- Problem description
A stretch of the entries below is to be set down exactly, running from the line with "Dr John Griffiths" through the line with "3 otaqlı köhnə", both included, and no other line.
BEGIN
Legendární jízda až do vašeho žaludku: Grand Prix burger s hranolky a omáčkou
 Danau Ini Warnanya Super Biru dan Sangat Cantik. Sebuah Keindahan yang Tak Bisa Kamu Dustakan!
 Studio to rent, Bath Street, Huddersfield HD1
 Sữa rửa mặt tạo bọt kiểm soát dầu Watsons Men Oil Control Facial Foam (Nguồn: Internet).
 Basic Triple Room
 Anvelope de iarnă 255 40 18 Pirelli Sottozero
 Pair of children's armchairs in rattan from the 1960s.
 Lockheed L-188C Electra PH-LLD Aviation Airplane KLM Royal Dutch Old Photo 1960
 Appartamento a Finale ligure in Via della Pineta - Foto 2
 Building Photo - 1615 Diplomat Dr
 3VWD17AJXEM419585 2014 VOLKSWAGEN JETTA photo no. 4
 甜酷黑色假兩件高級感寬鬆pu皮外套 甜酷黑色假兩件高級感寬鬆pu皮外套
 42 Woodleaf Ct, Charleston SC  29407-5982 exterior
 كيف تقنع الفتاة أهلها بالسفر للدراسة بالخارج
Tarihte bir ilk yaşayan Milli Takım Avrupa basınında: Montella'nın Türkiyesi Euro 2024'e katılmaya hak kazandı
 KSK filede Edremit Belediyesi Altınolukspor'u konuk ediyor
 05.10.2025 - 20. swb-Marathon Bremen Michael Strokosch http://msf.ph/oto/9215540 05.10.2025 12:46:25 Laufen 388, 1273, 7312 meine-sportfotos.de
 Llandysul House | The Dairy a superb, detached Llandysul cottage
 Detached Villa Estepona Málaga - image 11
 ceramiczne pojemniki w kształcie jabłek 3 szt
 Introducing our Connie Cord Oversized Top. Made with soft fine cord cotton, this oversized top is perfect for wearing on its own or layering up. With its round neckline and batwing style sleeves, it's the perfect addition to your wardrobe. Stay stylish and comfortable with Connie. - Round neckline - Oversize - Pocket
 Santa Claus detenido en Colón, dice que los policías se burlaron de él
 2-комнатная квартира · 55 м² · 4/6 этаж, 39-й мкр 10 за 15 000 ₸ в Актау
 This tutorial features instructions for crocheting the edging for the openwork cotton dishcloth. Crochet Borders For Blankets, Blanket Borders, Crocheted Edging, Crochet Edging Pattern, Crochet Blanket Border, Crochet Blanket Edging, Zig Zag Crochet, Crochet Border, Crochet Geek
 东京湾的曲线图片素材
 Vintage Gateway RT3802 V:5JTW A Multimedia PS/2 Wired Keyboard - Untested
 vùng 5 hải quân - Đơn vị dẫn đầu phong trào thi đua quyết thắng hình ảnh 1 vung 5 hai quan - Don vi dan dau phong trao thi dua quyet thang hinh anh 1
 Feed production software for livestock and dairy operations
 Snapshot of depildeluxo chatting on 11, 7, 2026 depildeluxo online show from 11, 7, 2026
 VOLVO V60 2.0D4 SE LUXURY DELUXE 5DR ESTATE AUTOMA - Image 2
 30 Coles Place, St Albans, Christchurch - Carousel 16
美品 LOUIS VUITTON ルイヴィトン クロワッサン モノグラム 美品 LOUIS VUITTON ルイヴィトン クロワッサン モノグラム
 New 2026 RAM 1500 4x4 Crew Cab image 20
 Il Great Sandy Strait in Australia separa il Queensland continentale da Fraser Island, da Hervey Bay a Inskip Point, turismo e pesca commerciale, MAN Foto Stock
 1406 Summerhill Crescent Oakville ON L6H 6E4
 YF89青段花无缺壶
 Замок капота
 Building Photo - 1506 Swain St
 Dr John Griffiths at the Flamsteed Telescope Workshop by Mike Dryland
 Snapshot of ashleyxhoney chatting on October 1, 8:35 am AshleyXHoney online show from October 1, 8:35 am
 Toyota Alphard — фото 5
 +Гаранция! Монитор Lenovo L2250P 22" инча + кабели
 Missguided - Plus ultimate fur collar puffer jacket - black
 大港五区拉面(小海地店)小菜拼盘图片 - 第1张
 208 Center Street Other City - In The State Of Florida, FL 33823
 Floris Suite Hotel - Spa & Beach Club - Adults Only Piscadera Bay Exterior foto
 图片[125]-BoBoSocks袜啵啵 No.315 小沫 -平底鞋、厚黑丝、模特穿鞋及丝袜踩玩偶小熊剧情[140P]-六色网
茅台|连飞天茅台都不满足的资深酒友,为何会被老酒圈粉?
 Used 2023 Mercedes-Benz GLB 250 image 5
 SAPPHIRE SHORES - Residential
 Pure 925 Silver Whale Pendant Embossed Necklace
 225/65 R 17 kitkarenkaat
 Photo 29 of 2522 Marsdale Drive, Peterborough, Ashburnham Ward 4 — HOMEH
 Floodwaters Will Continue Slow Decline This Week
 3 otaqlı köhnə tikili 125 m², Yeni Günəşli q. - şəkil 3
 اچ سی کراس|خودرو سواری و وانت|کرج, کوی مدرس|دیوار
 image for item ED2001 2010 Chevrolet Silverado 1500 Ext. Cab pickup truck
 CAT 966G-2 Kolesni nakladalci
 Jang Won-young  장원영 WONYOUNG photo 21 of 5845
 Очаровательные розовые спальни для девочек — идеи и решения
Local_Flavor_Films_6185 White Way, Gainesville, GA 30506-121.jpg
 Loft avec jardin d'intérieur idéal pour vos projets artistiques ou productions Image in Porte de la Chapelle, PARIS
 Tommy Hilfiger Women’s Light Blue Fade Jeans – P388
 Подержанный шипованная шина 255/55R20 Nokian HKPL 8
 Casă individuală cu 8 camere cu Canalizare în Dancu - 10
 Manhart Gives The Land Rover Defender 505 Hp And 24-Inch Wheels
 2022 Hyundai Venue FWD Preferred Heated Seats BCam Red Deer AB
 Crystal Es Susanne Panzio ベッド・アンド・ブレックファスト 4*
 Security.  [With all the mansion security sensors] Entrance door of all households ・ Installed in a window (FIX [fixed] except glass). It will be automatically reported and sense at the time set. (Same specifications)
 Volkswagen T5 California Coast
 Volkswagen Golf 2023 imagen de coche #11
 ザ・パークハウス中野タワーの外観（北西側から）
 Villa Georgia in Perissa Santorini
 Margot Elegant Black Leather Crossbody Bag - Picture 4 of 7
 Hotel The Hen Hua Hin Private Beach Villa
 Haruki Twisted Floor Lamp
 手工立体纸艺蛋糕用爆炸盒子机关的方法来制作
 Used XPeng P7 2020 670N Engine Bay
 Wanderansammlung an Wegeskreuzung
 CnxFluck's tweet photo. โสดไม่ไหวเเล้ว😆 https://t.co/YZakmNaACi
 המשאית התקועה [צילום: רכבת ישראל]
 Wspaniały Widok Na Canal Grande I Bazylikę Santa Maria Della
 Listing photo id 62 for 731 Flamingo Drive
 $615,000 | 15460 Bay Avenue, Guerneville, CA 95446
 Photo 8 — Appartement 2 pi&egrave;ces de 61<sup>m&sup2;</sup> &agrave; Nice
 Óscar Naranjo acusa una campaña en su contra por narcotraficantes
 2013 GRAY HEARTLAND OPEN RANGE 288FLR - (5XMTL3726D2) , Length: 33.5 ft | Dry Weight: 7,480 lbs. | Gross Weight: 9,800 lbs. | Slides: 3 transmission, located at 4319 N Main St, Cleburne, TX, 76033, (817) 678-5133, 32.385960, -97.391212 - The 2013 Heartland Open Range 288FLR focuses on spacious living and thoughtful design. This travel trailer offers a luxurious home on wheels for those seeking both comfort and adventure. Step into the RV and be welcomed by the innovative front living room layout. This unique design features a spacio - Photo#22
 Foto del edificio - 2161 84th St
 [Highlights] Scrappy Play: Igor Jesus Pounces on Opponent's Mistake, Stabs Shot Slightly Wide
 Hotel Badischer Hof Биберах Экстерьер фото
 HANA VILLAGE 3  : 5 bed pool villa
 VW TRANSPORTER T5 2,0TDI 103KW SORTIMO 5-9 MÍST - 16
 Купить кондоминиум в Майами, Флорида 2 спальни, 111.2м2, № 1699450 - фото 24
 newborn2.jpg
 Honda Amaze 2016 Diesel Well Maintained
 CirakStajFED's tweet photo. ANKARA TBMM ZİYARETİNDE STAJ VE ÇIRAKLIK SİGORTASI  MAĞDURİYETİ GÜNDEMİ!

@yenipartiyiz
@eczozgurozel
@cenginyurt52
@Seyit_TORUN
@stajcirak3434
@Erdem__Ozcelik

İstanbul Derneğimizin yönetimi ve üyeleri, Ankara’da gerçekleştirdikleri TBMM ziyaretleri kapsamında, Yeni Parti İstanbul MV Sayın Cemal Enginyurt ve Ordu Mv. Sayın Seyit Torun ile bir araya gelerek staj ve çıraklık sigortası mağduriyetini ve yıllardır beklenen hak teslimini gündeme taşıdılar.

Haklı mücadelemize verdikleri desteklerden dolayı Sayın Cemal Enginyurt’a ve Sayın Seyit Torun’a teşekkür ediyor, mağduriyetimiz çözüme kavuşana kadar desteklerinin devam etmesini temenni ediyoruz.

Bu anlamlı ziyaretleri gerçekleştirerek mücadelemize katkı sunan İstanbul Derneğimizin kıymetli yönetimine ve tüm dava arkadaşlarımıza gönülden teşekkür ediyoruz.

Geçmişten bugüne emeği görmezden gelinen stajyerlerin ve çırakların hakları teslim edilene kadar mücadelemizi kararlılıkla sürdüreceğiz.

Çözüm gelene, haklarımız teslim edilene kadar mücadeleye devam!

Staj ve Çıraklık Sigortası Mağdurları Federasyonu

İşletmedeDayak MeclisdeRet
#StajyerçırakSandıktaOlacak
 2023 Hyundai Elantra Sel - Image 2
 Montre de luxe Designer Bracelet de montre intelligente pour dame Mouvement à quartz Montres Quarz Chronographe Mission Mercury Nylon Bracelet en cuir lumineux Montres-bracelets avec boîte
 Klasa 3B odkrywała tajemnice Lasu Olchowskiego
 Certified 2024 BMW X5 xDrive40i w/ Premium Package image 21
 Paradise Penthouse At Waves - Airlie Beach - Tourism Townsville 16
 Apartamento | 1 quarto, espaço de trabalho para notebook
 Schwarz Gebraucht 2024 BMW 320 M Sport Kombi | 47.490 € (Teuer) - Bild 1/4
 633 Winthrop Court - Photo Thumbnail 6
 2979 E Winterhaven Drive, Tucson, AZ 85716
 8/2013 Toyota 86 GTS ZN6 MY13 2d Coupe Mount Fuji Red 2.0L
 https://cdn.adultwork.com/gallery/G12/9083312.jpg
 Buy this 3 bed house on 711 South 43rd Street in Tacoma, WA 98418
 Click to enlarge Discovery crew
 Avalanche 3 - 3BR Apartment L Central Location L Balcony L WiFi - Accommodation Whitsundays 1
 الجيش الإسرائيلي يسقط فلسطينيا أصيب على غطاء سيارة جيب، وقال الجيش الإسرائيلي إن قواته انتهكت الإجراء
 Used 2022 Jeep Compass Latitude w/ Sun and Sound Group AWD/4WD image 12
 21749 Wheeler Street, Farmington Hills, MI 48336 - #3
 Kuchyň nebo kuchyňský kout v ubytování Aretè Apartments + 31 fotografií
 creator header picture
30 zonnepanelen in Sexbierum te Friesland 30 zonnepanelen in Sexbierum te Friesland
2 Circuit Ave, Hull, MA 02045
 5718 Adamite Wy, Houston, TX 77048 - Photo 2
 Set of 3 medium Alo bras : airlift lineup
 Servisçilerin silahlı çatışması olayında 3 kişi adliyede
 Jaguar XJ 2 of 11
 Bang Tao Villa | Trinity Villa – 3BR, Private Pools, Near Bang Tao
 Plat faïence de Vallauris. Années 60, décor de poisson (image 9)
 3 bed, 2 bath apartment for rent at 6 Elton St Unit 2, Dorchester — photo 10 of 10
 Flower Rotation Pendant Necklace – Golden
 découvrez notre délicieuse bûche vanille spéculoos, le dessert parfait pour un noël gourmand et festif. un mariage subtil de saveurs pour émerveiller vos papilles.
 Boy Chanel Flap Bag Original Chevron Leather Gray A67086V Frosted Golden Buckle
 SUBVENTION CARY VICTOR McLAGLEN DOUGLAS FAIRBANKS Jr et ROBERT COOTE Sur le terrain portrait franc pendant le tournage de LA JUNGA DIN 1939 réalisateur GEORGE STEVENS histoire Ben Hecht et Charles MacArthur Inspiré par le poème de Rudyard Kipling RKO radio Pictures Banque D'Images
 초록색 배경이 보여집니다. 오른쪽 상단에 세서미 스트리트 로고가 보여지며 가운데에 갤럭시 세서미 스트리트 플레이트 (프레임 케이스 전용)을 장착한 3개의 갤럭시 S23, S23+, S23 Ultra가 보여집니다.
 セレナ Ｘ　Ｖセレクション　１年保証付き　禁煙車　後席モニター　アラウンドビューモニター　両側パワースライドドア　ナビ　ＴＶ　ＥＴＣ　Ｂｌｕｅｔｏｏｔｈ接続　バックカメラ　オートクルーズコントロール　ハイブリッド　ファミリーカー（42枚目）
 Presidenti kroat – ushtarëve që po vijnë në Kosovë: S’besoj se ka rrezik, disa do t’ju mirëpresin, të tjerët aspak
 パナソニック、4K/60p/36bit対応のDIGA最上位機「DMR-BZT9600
END
- Answer
 Dr John Griffiths at the Flamsteed Telescope Workshop by Mike Dryland
 Snapshot of ashleyxhoney chatting on October 1, 8:35 am AshleyXHoney online show from October 1, 8:35 am
 Toyota Alphard — фото 5
 +Гаранция! Монитор Lenovo L2250P 22" инча + кабели
 Missguided - Plus ultimate fur collar puffer jacket - black
 大港五区拉面(小海地店)小菜拼盘图片 - 第1张
 208 Center Street Other City - In The State Of Florida, FL 33823
 Floris Suite Hotel - Spa & Beach Club - Adults Only Piscadera Bay Exterior foto
 图片[125]-BoBoSocks袜啵啵 No.315 小沫 -平底鞋、厚黑丝、模特穿鞋及丝袜踩玩偶小熊剧情[140P]-六色网
茅台|连飞天茅台都不满足的资深酒友,为何会被老酒圈粉?
 Used 2023 Mercedes-Benz GLB 250 image 5
 SAPPHIRE SHORES - Residential
 Pure 925 Silver Whale Pendant Embossed Necklace
 225/65 R 17 kitkarenkaat
 Photo 29 of 2522 Marsdale Drive, Peterborough, Ashburnham Ward 4 — HOMEH
 Floodwaters Will Continue Slow Decline This Week
 3 otaqlı köhnə tikili 125 m², Yeni Günəşli q. - şəkil 3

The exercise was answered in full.